For years I declared openly, to many of my friends that I was a PC person, and could not be bothered learning on a Mac or an Apple product. I felt the disdain of those that stated Apple products were more user-friendly than PC computers. I advocated openly that PC’s were the way of the corporate world and there would be no place for Apples in the future. And then, iPhones, iPods, and iPads began appearing on the educational and corporate horizons of America. Suddenly, there were many people using a wide range of Apple laptops at conferences and meetings, and I began to sense that my perspective may have been skewed by prejudices from my background. So, I purchased an iPhone and an iTouch, and use an iPad in my job. My wife even owns and uses a Macbook, and for some reason I am becoming enthralled with Apple products, and continue to use PC equipment as well, just like all the kids in our schools!

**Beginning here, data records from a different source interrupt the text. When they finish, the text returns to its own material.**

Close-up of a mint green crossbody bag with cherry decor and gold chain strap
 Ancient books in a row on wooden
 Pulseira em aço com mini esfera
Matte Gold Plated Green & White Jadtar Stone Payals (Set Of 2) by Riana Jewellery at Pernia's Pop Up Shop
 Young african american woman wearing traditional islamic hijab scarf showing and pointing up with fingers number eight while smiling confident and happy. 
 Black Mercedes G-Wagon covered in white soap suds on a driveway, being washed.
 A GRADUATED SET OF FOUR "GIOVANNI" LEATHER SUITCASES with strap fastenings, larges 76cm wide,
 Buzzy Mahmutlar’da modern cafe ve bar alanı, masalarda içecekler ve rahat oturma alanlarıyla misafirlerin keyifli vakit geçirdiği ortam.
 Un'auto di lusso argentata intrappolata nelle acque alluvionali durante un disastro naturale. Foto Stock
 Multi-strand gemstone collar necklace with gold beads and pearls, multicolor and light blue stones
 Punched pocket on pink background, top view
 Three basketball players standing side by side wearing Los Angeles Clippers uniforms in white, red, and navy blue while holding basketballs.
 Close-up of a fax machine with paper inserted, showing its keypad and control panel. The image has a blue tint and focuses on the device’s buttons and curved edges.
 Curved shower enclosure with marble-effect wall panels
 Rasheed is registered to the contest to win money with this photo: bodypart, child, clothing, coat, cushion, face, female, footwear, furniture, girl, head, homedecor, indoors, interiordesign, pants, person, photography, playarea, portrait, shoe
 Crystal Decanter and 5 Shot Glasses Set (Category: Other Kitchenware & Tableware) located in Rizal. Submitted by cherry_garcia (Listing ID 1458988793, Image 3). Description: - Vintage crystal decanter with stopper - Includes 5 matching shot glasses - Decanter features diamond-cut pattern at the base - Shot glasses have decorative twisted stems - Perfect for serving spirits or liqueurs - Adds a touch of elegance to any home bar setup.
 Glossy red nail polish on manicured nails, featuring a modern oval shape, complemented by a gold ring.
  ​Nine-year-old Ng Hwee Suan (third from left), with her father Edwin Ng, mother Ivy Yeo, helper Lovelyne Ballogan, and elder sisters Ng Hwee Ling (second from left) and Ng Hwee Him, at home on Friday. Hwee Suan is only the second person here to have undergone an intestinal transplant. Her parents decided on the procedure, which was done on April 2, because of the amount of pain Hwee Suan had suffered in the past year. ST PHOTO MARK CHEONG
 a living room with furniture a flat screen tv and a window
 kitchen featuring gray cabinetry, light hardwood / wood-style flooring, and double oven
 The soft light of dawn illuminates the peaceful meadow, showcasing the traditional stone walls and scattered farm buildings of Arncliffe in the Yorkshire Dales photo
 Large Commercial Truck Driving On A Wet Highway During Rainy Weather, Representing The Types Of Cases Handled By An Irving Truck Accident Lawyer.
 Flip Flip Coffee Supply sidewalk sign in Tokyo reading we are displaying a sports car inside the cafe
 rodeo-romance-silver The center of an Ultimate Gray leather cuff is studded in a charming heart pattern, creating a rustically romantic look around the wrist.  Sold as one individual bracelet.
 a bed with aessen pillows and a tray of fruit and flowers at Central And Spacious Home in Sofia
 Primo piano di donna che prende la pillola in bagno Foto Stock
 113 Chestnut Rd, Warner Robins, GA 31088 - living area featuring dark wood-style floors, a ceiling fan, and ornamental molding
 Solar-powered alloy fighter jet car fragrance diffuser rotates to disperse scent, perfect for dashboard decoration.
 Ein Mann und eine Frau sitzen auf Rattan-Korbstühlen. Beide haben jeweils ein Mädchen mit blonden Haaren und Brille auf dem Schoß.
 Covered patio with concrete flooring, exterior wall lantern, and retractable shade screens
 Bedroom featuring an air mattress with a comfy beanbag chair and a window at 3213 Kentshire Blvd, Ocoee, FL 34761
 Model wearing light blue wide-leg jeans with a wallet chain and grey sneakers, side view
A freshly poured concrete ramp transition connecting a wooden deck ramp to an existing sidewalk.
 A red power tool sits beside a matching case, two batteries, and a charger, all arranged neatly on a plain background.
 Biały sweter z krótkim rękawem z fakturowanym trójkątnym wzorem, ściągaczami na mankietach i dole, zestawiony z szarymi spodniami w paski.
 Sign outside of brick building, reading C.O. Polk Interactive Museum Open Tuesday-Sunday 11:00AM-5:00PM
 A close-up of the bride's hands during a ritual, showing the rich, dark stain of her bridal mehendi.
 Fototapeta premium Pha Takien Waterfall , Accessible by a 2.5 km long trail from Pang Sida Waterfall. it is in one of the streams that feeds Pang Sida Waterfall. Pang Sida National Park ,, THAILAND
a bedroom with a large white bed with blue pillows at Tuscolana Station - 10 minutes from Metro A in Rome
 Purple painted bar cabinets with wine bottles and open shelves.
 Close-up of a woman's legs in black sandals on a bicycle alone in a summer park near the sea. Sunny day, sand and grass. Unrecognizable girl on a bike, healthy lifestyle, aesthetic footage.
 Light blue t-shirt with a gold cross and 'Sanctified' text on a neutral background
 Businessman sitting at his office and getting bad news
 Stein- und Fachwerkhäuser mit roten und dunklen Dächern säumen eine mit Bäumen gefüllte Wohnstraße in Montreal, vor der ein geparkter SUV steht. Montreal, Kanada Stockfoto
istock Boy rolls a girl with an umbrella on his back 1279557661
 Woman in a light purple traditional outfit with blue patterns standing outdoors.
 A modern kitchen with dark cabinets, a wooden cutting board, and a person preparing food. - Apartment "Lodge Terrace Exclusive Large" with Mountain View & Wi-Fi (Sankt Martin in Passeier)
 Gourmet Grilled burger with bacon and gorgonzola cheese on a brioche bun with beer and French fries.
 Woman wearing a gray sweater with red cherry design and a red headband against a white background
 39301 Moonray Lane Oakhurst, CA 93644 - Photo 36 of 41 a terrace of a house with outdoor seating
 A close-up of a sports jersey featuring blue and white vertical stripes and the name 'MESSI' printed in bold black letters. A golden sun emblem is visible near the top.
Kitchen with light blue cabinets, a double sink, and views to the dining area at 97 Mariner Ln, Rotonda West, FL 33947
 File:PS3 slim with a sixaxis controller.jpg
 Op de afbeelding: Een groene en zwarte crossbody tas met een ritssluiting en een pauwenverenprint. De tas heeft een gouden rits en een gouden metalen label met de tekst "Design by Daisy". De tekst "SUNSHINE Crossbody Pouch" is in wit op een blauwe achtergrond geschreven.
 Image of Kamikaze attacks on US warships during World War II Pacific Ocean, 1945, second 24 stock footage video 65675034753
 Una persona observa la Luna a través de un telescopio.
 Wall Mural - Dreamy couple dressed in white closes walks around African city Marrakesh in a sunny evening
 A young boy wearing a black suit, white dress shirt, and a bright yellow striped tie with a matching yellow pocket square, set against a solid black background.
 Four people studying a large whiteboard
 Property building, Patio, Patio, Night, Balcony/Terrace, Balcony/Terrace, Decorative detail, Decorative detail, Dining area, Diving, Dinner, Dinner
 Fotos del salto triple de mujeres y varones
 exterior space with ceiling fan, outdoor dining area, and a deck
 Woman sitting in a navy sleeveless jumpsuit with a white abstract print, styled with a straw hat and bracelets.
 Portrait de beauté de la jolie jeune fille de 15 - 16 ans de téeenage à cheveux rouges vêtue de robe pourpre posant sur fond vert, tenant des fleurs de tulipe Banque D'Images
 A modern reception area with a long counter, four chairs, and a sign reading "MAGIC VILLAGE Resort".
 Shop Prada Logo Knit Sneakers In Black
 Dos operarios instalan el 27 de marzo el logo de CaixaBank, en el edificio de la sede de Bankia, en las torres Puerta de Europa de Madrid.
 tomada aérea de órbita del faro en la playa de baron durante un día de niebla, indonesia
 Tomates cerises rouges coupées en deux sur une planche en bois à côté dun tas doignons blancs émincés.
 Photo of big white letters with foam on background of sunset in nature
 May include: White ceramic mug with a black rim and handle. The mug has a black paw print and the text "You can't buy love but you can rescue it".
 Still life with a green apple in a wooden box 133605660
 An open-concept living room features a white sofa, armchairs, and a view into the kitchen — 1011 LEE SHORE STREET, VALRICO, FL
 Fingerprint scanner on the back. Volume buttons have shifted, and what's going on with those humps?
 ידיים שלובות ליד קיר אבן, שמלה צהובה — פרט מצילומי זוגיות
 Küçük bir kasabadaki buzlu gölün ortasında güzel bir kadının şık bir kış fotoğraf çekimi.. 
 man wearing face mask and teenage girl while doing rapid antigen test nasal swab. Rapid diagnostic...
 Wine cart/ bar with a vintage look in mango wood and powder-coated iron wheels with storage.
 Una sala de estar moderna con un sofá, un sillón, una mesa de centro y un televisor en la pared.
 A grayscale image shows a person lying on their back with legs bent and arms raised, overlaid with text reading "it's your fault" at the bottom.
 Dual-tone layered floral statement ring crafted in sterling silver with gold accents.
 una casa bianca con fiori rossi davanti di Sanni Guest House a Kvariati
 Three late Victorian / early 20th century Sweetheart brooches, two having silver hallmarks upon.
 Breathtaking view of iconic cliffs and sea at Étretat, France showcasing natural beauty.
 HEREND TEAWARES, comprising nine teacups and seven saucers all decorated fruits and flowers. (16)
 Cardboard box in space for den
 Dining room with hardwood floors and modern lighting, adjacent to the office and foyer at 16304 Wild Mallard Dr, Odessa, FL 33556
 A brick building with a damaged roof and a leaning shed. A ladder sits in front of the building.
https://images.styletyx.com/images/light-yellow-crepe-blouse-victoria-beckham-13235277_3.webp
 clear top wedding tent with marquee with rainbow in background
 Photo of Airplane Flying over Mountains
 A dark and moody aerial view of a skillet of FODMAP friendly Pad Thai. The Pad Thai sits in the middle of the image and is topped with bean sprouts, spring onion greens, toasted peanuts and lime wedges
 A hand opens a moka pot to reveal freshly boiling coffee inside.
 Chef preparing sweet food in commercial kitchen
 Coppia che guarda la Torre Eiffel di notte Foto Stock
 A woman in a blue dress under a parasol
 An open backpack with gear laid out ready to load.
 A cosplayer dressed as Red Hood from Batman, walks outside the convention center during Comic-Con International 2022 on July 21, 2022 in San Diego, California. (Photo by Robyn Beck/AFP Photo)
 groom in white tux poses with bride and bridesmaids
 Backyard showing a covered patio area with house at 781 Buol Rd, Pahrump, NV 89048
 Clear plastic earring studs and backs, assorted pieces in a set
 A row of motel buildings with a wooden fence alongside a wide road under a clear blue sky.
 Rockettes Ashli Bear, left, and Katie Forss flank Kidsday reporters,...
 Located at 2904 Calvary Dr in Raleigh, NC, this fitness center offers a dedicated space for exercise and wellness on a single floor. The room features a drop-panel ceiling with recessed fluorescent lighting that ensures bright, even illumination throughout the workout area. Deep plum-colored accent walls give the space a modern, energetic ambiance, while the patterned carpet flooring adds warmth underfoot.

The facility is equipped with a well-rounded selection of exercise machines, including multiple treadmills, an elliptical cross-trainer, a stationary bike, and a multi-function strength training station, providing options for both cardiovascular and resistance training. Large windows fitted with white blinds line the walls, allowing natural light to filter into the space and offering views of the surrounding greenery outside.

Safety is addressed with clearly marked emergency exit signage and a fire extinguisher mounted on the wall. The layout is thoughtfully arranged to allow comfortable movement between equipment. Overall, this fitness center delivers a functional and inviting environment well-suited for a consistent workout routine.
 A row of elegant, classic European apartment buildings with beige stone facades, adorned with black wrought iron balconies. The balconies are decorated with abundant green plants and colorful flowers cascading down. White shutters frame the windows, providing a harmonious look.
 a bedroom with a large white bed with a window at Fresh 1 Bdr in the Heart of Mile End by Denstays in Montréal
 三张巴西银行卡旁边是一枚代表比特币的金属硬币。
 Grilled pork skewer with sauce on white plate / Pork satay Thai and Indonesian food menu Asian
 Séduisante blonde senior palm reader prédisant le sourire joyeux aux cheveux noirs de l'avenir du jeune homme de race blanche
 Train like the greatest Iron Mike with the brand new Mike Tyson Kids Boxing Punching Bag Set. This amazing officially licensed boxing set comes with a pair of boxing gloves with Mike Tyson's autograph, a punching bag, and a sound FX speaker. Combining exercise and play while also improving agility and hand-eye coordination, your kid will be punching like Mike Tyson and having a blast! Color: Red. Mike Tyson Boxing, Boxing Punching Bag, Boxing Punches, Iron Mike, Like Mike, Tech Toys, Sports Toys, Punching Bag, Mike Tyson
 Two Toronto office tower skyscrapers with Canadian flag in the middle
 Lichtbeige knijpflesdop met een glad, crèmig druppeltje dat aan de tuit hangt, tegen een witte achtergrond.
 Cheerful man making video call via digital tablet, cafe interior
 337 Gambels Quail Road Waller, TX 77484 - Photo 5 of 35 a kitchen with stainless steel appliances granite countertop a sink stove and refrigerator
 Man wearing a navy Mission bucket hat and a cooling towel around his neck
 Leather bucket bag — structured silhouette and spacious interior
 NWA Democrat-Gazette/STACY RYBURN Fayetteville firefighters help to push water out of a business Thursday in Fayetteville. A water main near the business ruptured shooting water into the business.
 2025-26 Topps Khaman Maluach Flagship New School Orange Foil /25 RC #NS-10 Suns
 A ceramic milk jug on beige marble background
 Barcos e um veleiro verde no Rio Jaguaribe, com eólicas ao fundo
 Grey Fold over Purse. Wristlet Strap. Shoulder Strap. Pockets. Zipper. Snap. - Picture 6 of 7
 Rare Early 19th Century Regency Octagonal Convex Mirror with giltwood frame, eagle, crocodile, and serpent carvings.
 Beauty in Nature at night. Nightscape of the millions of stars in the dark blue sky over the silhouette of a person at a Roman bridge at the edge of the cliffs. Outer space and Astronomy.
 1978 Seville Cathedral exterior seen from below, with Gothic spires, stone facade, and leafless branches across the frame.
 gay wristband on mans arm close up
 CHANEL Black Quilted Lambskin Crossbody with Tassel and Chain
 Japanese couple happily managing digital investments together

Unfortunately, this morning, many of us awoke to learn that Steve Jobs, the founder and guru of this Apple  mania, passed away after suffering from a debilitating illness for many months. The commentary and tribute to the life of this great man have been quite extraordinary and unusually full of praise. The tweets on Twitter continue to abound with praise and condolences to the figure of the person that has been referred to as the 21st Century Thomas Edison

After reading many of these items, and continuing to go about my day using my iTools, it dawns on me why the world is saddened today, more than ever.

For educators around the world, the tributes to Jobs are more a huge thank you for the contributions he made to 21st Century education. Schools have always found Apple products user-friendly as opportunities to let children and learners to soar for new heights of achievement, investigation and research.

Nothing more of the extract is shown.